The jockey club’s explanation is that the city of Baltimore has filed a lawsuit against its parent company, the Stronach Group, seeking, among other things, to exercise its powers of eminent domain to seize the racetrack, the Preakness and a wide variety of tangible and intangible assets, in part on the grounds that the track’s owners have deliberately allowed Pimlico to deteriorate as part of a scheme to force the Preakness to move out of Baltimore and to Laurel Park. The physical condition of Pimlico is central to the case, this document is directly related to that topic, and thus it must be handled through the discovery process, Mr. Rifkin says. (Indeed, City Solicitor Andre Davis had already requested the document before the racing commission did.) Thus, the jockey club has the right to insist that the document remain confidential, he says, and it is doing so, as any competently represented defendant in a civil suit would.
As the jockey club sees it, the simple answer is for the city to drop its lawsuit, and then everybody can see the report.
That might happen eventually. Parts of the suit became moot after the General Assembly adjourned without passing legislation the jockey club had sought to provide Maryland Economic Development Authority bonds to help finance improvements at Laurel Park. And the lawsuit represented the culmination of an aggressive, confrontational strategy Mayor Catherine Pugh employed this year in an effort to secure the Preakness' future in Baltimore. But with her current and future leadership of the city in doubt, there’s no way to know whether that strategy will stay in place much longer. (The jockey club also argues that the suit should be thrown out because of Maryland’s century-old consolidation of horse racing regulation on the state rather than local level.)

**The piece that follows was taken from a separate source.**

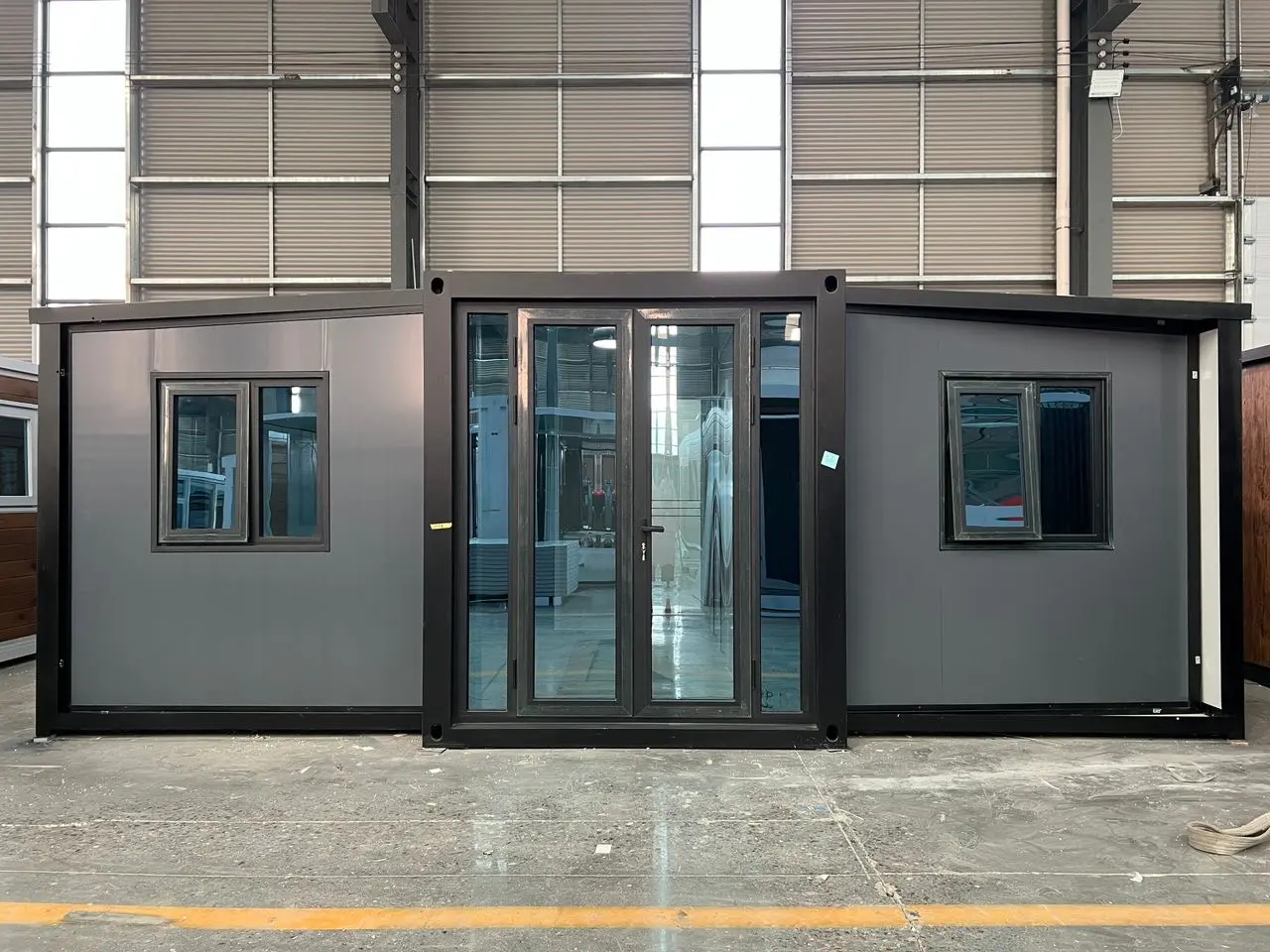 Casa plegable gris expandida en fábrica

But the report is a matter of public concern that transcends the litigation between the city and the Stronach Group. It is state law that requires the Preakness be run in Baltimore absent a natural disaster. It is state money that subsidizes racetrack capital improvements and keeps the racing industry afloat through purse enhancements. And it’s the entire state that has reason to question whether the Stronach Group has fulfilled its role as steward of Old Hilltop. The undeniable pattern of investment in Laurel while letting Pimlico crumble has all the hallmarks of a deliberate strategy to force the state’s hand to allow the Preakness to be moved, and the timing of the jockey club’s decision to shutter a section of the grandstand — just before the Preakness and amid a heated debate over racetrack capital funding in the General Assembly — seemed entirely convenient.